Die Anfrage Yiğitalps lautet folgendermaßen:

"Neil Christopher Prakash, einer der meistgesuchten Verbrecher Australiens, der 2013 nach Syrien ging, um dem Islamischen Staat beizutreten, wurde am 24. Oktober 2016 in Kilis bei dem Versuch verhaftet, aus Syrien in die Türkei zu gelangen. Prakash, der sich derzeit im Gefängnis von Gaziantep befindet, ist eine Person, die in vielen Videos und Magazinen des IS erscheint. Während einer Anhörung zum Auslieferungsgesuch Australiens vor dem Strafgericht Kilis gab er per Videoschaltung aus dem Gefängnis von Kilis an, dass er in der Türkei angeklagt werden möchte.

"Weil sie aus der Haft entlassen werden"

Burhan Gök, einer der Täter des Anschlags auf die Kundgebung der HDP in Diyarbakır am 5. Juni 2015, bei dem fünf Menschen ums Leben kamen, wurde am 25. Juli 2017 aus der Haft entlassen.

Am 26. Oktober 2015 wurde bei einer Razzia im Stadtbezirk Kayapınar in Diyarbakır innerhalb der durchsuchten Wohnung Feuer auf Polizisten eröffnet. Bei dem Angriff kamen die Polizeibeamten Sadık Özcan und Gökhan Çakıcı sowie sieben IS-Mitglieder ums Leben. Vier weitere Polizisten wurden verletzt. Im anschließenden Strafverfahren wurden zwölf Beschuldigte am ersten Prozesstag, vier weitere an folgenden Prozesstagen aus der Haft entlassen.

Am 12. Januar 2016 wurde im Istanbuler Stadtteil Sultanahmet ein Anschlag verübt, bei dem 13 Menschen ums Leben kamen. Sechs Angeklagte in dem Verfahren wurden am 5. September 2016 aus der Haft entlassen, ein weiterer am 20. November 2016.

Am 19. März 2016 kamen bei einem Anschlag in Beyoğlu auf der „İstiklal Caddesi“ insgesamt vier Menschen ums Leben.
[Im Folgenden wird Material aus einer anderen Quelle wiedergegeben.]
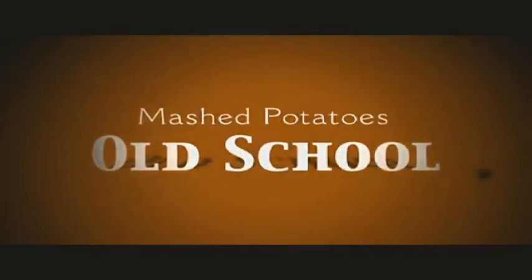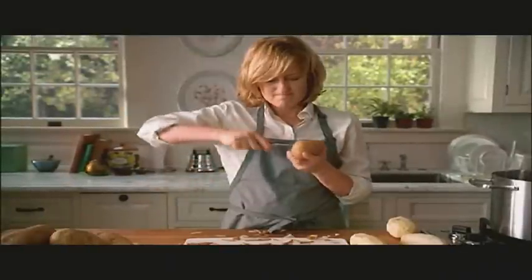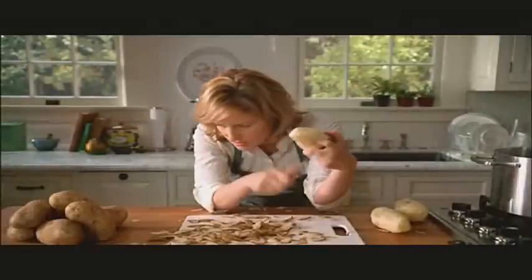Come on and do the mashed potatoes! Let's do it now, don't wait for later. Want homemade mashed potatoes without the homemade hassle? Come on, come on, come on, baby!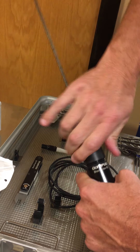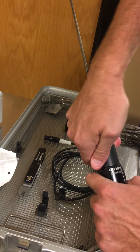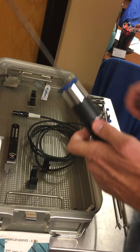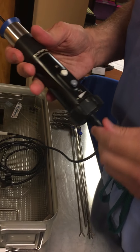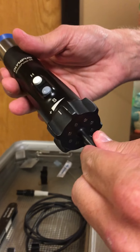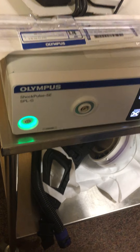Next, take the nose cone and simply slide it over the probe. Apply a little pressure, turn it clockwise — it's going to be a little squeaky — and tighten it down. The rear of the nose cone is where suction attaches, so you'll have suction tubing in the room and connect it to the rear.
Bei den Verstorbenen handelte es sich um einen iranischen und drei israelische Staatsbürger. Im folgenden Verfahren lautete die Strafmaßforderung sechs Mal lebenslänglich. Der Angeklagte Erkan Çapraz, der beschuldigt wurde, Funktionär des IS zu sein, wurde aus der Haft entlassen."

Die HDP-Abgeordnete Yiğitalp erwartet die Beantwortung folgender Fragen:

"Warum möchte Neil Christopher Prakash in der Türkei angeklagt werden?

Könnte es daran liegen, dass die Mehrheit der Angeklagten in IS-Verfahren aus der Haft entlassen wird?

Wie viele IS-Mitglieder haben als Untersuchungs- und Strafgefangene ausländischer Herkunft eine strafrechtliche Verfolgung in der Türkei beantragt?

Wie viele sogenannte IS-Mitglieder sind derzeit von der türkischen Justiz angeklagt? Wie viele von den derzeit angeklagten IS-Mitgliedern befinden sich in Haft, wie viele auf freiem Fuß?

Wie viele bereits verurteilte IS-Mitglieder befinden sich in türkischen Gefängnissen?

Wie viele Personen, die als IS-Mitglieder angeklagt waren, sind bisher freigesprochen und wie viele sind verurteilt worden?"